> _Required action_:
Would you output all the data exactly as it stands?

> _Supplied material_:
========

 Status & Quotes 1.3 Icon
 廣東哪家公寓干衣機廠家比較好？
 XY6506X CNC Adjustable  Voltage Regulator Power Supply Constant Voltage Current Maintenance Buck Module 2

========

> _Task result_:
 Status & Quotes 1.3 Icon
 廣東哪家公寓干衣機廠家比較好？
 XY6506X CNC Adjustable  Voltage Regulator Power Supply Constant Voltage Current Maintenance Buck Module 2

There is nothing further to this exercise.